Required action: Give each record below again, without a single difference.

━━━━━ Records to use

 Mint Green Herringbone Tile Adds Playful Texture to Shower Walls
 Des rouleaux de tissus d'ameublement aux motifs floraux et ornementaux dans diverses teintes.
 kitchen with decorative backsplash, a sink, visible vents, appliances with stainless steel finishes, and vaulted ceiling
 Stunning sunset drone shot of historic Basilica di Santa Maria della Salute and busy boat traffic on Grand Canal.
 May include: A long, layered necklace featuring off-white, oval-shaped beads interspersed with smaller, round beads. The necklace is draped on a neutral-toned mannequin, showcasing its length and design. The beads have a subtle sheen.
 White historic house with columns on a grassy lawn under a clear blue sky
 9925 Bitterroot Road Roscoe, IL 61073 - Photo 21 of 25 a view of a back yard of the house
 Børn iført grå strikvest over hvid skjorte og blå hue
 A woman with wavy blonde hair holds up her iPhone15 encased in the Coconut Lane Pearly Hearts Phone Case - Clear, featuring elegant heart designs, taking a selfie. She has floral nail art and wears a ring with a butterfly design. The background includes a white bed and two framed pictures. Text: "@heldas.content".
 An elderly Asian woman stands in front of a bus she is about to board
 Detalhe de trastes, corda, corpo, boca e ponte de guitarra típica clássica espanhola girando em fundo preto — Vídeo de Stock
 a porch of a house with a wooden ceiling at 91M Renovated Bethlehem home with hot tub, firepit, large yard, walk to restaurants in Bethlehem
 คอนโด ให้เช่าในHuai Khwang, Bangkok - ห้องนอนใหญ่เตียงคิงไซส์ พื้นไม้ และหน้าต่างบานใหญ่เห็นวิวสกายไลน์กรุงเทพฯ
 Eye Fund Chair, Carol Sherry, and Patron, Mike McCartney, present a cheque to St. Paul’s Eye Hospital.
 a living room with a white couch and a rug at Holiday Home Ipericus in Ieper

━━━━━━━━━━

Answer to this problem:
 Mint Green Herringbone Tile Adds Playful Texture to Shower Walls
 Des rouleaux de tissus d'ameublement aux motifs floraux et ornementaux dans diverses teintes.
 kitchen with decorative backsplash, a sink, visible vents, appliances with stainless steel finishes, and vaulted ceiling
 Stunning sunset drone shot of historic Basilica di Santa Maria della Salute and busy boat traffic on Grand Canal.
 May include: A long, layered necklace featuring off-white, oval-shaped beads interspersed with smaller, round beads. The necklace is draped on a neutral-toned mannequin, showcasing its length and design. The beads have a subtle sheen.
 White historic house with columns on a grassy lawn under a clear blue sky
 9925 Bitterroot Road Roscoe, IL 61073 - Photo 21 of 25 a view of a back yard of the house
 Børn iført grå strikvest over hvid skjorte og blå hue
 A woman with wavy blonde hair holds up her iPhone15 encased in the Coconut Lane Pearly Hearts Phone Case - Clear, featuring elegant heart designs, taking a selfie. She has floral nail art and wears a ring with a butterfly design. The background includes a white bed and two framed pictures. Text: "@heldas.content".
 An elderly Asian woman stands in front of a bus she is about to board
 Detalhe de trastes, corda, corpo, boca e ponte de guitarra típica clássica espanhola girando em fundo preto — Vídeo de Stock
 a porch of a house with a wooden ceiling at 91M Renovated Bethlehem home with hot tub, firepit, large yard, walk to restaurants in Bethlehem
 คอนโด ให้เช่าในHuai Khwang, Bangkok - ห้องนอนใหญ่เตียงคิงไซส์ พื้นไม้ และหน้าต่างบานใหญ่เห็นวิวสกายไลน์กรุงเทพฯ
 Eye Fund Chair, Carol Sherry, and Patron, Mike McCartney, present a cheque to St. Paul’s Eye Hospital.
 a living room with a white couch and a rug at Holiday Home Ipericus in Ieper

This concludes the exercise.